Aim of the task
Write the records below out in full, character for character, with no pictures.

Working data
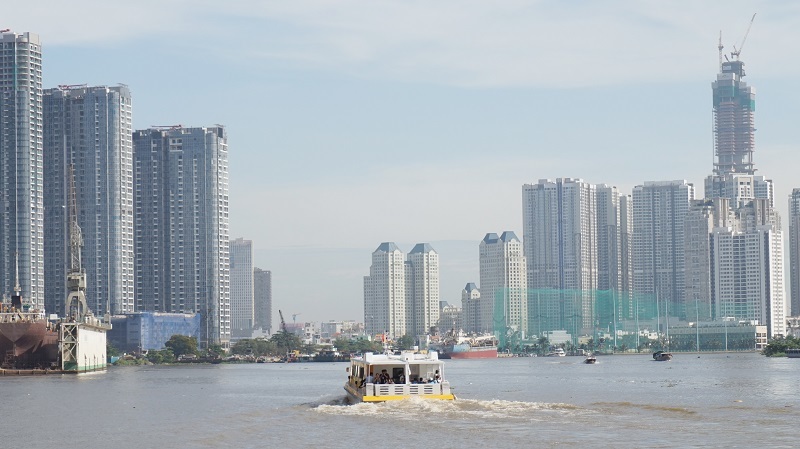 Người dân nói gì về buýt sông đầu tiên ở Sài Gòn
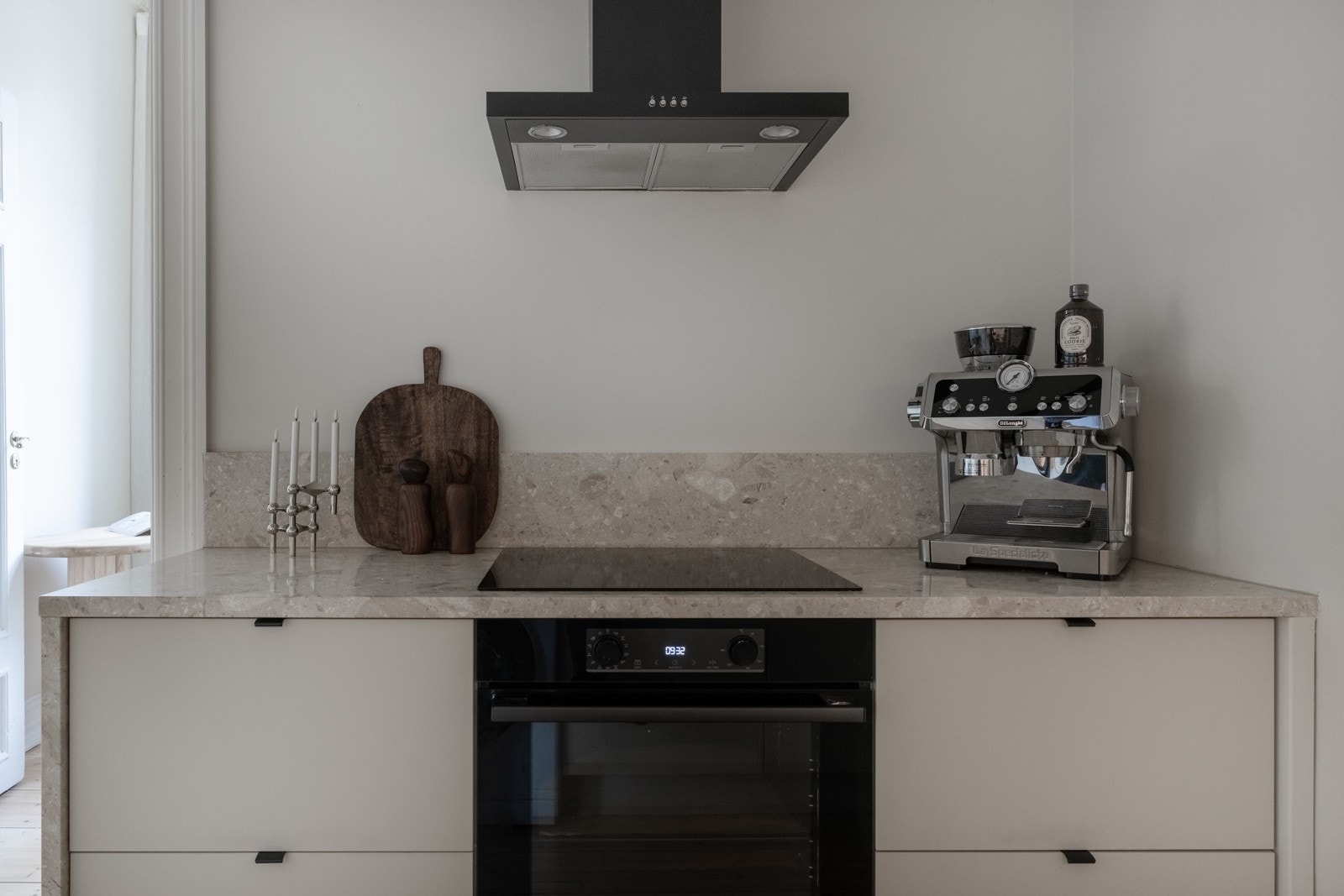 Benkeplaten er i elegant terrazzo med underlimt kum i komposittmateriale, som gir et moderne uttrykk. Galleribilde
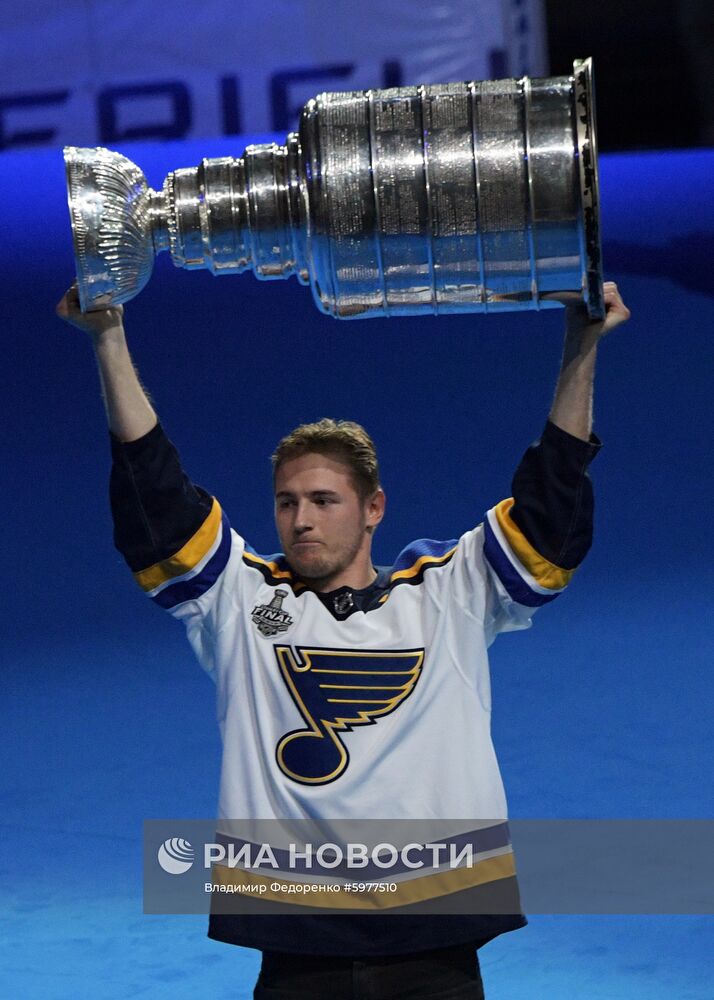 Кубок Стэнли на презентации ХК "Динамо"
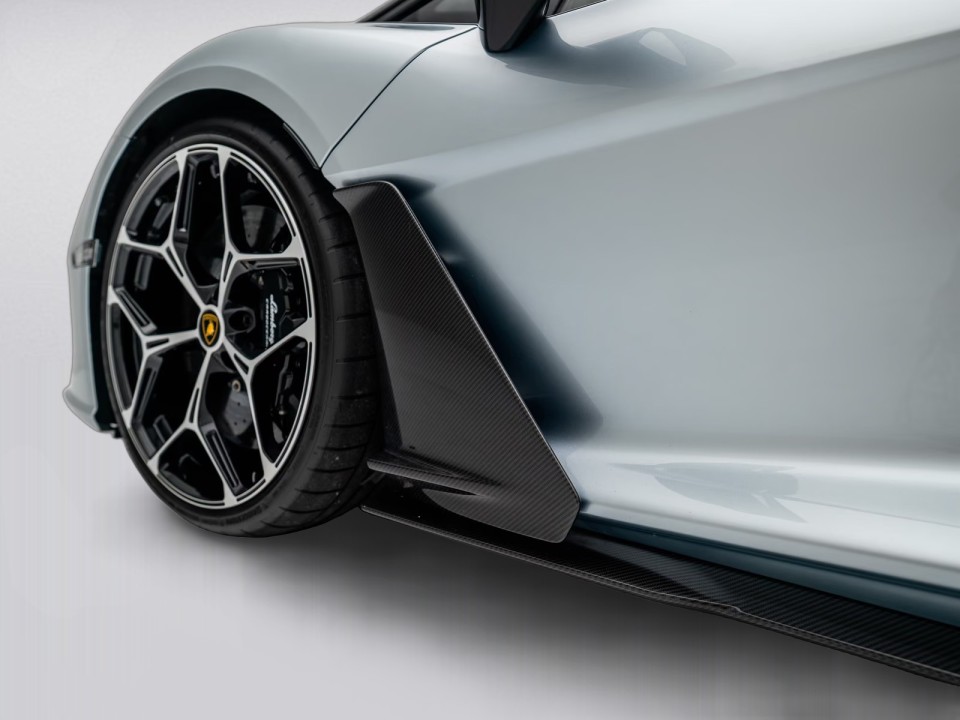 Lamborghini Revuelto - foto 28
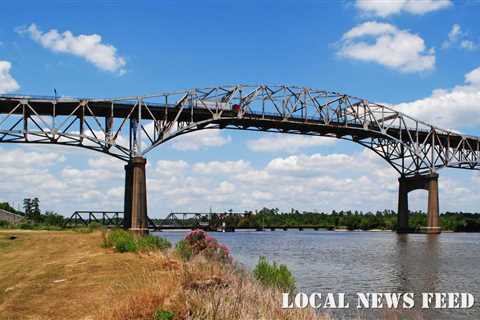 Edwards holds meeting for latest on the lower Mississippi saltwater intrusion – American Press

Answer section
 Người dân nói gì về buýt sông đầu tiên ở Sài Gòn
 Benkeplaten er i elegant terrazzo med underlimt kum i komposittmateriale, som gir et moderne uttrykk. Galleribilde
 Кубок Стэнли на презентации ХК "Динамо"
 Lamborghini Revuelto - foto 28
 Edwards holds meeting for latest on the lower Mississippi saltwater intrusion – American Press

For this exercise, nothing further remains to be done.